Required action
The answer must be every line from the entries below that includes "with".

Source information
+ + +

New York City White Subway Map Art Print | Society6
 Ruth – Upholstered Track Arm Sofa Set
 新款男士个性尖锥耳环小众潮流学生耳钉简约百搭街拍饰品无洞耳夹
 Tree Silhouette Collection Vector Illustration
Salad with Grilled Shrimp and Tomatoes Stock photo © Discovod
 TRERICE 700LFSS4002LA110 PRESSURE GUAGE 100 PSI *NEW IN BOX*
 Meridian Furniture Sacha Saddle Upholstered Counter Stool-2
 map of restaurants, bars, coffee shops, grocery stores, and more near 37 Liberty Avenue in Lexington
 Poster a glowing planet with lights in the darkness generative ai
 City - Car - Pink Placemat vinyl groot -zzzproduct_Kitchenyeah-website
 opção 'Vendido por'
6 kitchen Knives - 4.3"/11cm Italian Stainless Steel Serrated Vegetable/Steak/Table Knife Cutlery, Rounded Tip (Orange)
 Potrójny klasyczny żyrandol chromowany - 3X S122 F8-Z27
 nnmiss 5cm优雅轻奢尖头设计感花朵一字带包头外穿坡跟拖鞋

+ + +

Solution for this task
Salad with Grilled Shrimp and Tomatoes Stock photo © Discovod
 Poster a glowing planet with lights in the darkness generative ai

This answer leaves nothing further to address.